- _Required work_:
Each line of the entries, from the first to the line containing "Miniatura 5 de", is to be transcribed exactly as it stands; include no other lines.
(Exercise input)
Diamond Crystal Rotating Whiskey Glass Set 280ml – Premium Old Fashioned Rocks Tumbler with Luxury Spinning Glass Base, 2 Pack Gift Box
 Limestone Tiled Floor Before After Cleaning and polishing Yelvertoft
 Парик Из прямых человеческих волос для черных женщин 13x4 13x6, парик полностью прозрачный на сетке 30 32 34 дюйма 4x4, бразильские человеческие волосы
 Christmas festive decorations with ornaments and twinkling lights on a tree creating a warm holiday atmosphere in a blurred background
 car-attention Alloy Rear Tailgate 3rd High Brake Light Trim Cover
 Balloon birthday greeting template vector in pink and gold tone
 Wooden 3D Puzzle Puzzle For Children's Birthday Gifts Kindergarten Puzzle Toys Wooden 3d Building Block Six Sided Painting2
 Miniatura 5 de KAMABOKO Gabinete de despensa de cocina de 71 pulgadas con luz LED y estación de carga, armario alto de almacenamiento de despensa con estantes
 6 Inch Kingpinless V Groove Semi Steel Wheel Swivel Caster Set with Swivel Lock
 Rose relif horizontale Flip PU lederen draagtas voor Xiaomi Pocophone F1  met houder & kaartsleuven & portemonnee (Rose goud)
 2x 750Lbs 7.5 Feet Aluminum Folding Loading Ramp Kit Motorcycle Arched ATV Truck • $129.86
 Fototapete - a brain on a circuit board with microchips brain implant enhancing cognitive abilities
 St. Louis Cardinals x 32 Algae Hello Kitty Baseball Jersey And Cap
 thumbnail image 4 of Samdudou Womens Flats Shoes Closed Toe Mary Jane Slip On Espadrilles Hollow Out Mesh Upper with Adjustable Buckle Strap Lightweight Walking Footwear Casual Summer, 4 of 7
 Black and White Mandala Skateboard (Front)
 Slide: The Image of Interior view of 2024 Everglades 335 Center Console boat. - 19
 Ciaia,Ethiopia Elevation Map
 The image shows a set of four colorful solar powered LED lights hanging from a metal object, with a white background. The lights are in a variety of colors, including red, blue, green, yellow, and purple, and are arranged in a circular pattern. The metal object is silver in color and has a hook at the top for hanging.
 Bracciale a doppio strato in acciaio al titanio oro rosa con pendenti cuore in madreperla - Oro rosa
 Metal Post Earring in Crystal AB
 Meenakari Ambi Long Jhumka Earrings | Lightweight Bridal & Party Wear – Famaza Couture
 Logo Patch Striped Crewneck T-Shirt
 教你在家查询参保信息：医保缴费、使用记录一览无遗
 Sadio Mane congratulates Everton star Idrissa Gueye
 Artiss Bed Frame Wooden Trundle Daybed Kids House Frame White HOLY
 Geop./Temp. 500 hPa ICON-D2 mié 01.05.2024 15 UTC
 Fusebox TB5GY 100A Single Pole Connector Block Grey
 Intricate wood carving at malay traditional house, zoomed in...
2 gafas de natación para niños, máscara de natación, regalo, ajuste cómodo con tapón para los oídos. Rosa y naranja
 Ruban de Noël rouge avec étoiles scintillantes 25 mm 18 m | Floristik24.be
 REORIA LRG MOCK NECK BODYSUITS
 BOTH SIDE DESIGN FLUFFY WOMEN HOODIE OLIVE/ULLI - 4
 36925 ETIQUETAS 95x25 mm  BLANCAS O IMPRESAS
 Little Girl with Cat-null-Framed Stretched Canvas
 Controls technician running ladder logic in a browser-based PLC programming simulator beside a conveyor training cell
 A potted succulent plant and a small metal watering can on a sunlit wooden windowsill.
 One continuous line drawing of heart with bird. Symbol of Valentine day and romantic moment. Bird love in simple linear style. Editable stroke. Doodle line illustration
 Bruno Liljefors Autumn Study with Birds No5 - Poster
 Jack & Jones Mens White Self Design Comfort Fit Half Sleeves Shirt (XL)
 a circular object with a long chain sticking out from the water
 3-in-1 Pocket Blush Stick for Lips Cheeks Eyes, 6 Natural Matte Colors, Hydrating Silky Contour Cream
(End Exercise input)
- _Solution to this task_:
Diamond Crystal Rotating Whiskey Glass Set 280ml – Premium Old Fashioned Rocks Tumbler with Luxury Spinning Glass Base, 2 Pack Gift Box
 Limestone Tiled Floor Before After Cleaning and polishing Yelvertoft
 Парик Из прямых человеческих волос для черных женщин 13x4 13x6, парик полностью прозрачный на сетке 30 32 34 дюйма 4x4, бразильские человеческие волосы
 Christmas festive decorations with ornaments and twinkling lights on a tree creating a warm holiday atmosphere in a blurred background
 car-attention Alloy Rear Tailgate 3rd High Brake Light Trim Cover
 Balloon birthday greeting template vector in pink and gold tone
 Wooden 3D Puzzle Puzzle For Children's Birthday Gifts Kindergarten Puzzle Toys Wooden 3d Building Block Six Sided Painting2
 Miniatura 5 de KAMABOKO Gabinete de despensa de cocina de 71 pulgadas con luz LED y estación de carga, armario alto de almacenamiento de despensa con estantes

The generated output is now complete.